Dal Cin: «La mia Udinese, Zico e quel calcio del futuro»

Parla l’ex dirigente bianconero. «Pozzo? Un grande, ma lo stadio resti Friuli»
Udine 10 Settembre 2015 dal cin al mv © Petrussi Foto Press Massimo Turco
Udine 10 Settembre 2015 dal cin al mv © Petrussi Foto Press Massimo Turco

UDINE. Il fuoriclasse. È quello che prima degli altri capisce dove va il pallone, prima degli altri capisce dove si butta il portiere. Il fuoriclasse in genere sbaglia poco, ma quando sbaglia è uno sconquasso e magari pure lo ammette.

Nel calcio, nello sport, nella vita. Ora il calcio è (e sarà sempre più) acquisti milionari di calciatori, paradisi fiscali, stadi di proprietà “griffati” e con palchi privati, sponsor sulle magliette, diritti tv pagati una follia.

Franco dal Cin 72 anni da Conegliano Veneto, dal 1976 al 1984 semplicemente l’Udinese, il calcio di adesso lo faceva così trent’anni fa.

Errori?

«Tanti – dice – il più grande è quello di essere andato via dell’Udinese nel 1984. E se non mi avesse fregato Moggi ora sarei, chissà, il presidente della Lega calcio». Ah, perché Dal Cin, il fuoriclasse, è pure quello che per primo, quando aveva in mano il Venezia in serie B nel 2004 denunciò il malaffare di Moggi&c avviando di fatto Calciopoli.

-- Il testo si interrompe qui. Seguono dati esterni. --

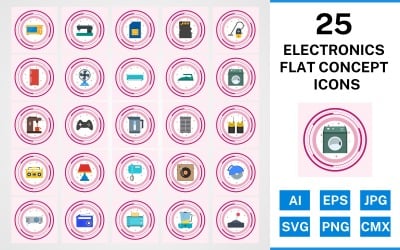 25 Electronic Devices Flat Concept Icon Set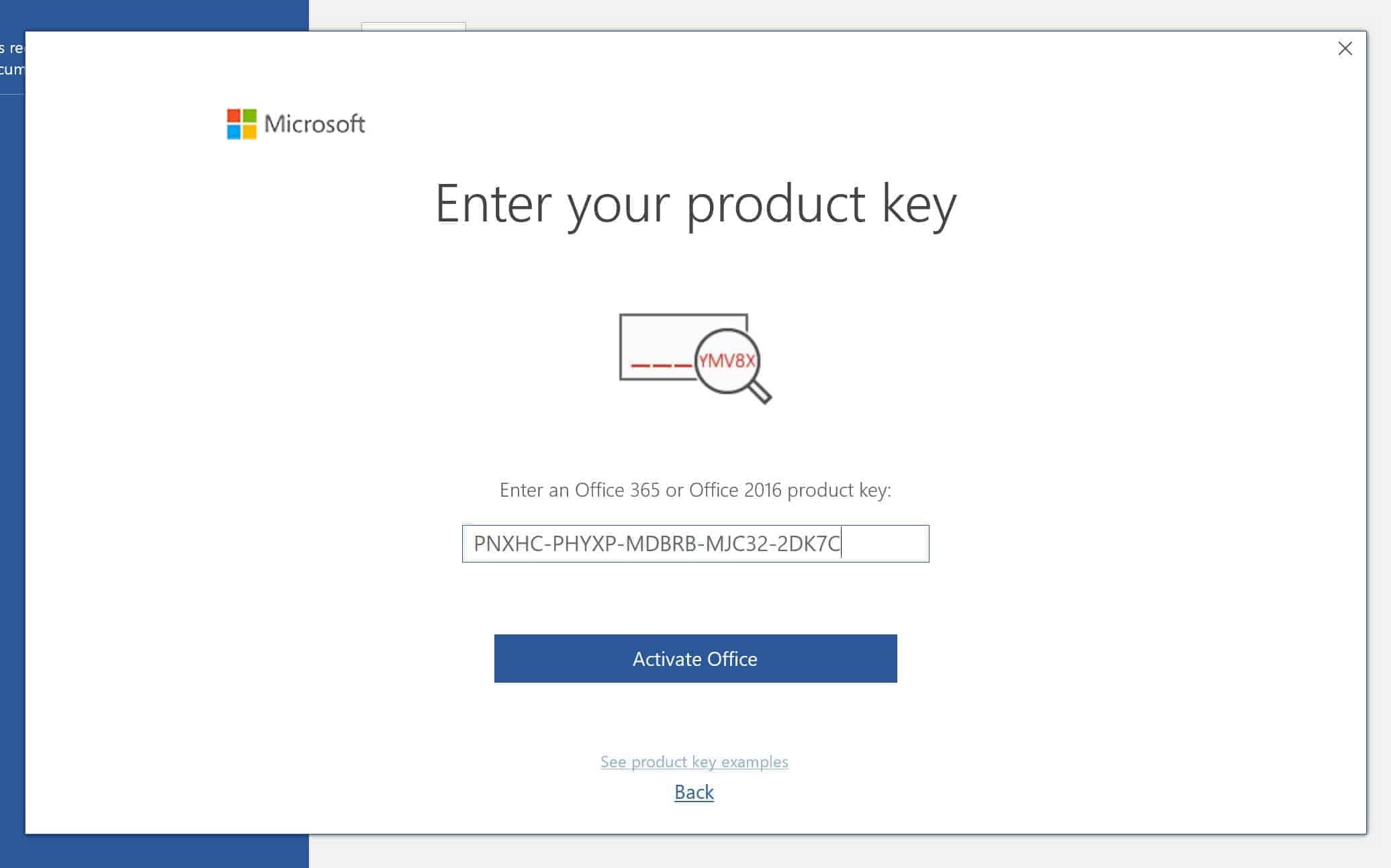 activate office 2016 with a product key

Dal Cin come iniziò tutto?

«Io e Sanson avevamo il Conegliano. Volevamo un progetto da serie A, scegliemmo l’Udinese di Brunello. I friulani dicevano: cosa faranno quei due veneti...invece».

C’era uno stadio nuovo...

«Sì, che la gente voleva riempire. Il Friuli era devastato dal sisma, quel luogo non era soltanto la casa del calcio era la casa dei friulani...più la squadra vinceva e più la gente veniva al Friuli: 20 mila, 30 mila».

Il nome è quindi azzeccato...

«Sì, è lo stadio dei friulani. Anche se io lo chiamerei stadio Angelo Candolini perché il sindaco fu determinante per la nascita e la crescita di quella struttura».

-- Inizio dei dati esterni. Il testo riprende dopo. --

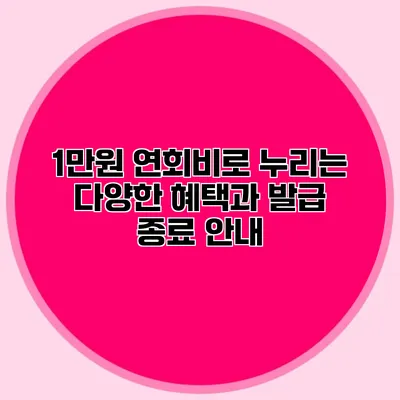 1만원 연회비로 누리는 다양한 혜택과 발급 종료 안내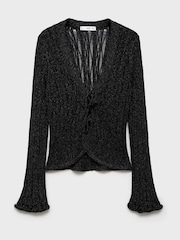 Mango Black Sparkle Cardigan With Bows - Image 5 of 6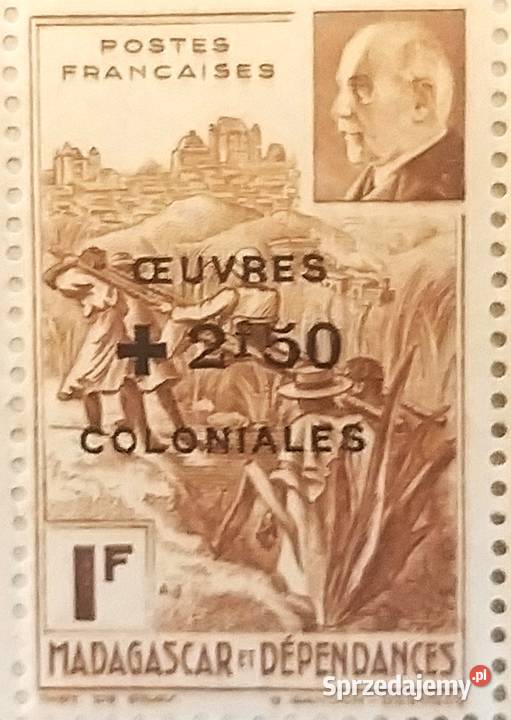 Znaczek kolonialny Madagaskar Filanzane Vichy Filatelistyka Bronisze sprzedam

Ci racconti un aneddoto...

«Durante le partite della serie C1 giravo in motorino per vedere dove la viabilità andava migliorata e il giorno dopo Candolini mandava le ruspe a sistemare tutto...Rimproverano Honsell adesso? Candolini era così: faceva fare i lavori poi arrivavano le autorizzazioni».

Giampaolo Pozzo vuole dare il nome di uno sponsor allo stadio...

«È un grande imprenditore, ha fatto grande l’Udinese ma non è mai stato un comunicatore. La sua società ha un conto economico imbarazzante, incassa milioni e milioni, dice di essere il presidente della squadra dei friulani e in quanto rappresentante dei friulani sbaglia a “vendere” lo stadio per 400 mila euro o giù di lì. L’hanno capito anche in Regione con quella mozione all’unanimità. E lo dice uno che a Reggio Emilia vent’anni fa ha fatto costruire il primo stadio di proprietà di una squadra di calcio in 9 mesi...».

Torniamo a quegli anni. Sanson che presidente era?

«Un signore, di cuore, uno ambizioso, nel ciclismo con Moser aveva vinto ovunque. Poi c’era Lino Midolini, l’”equilibratore”».

V’inventaste la sponsorizzazione sui pantaloncini...

«Nel 1978, il regolamento vietava gli sponsor sulle maglie. La scritta comparve sui pantaloncini. Beccammo 20 milioni di multa ma aprimmo una breccia decisiva...Del resto ci ero abituato, nel 1965 da segretario del Vittorio Veneto feci mettere una foto di un gatto nero nel manifesto che invitava alla partita: stupore, polemiche, ma lo stadio era pieno la domenica».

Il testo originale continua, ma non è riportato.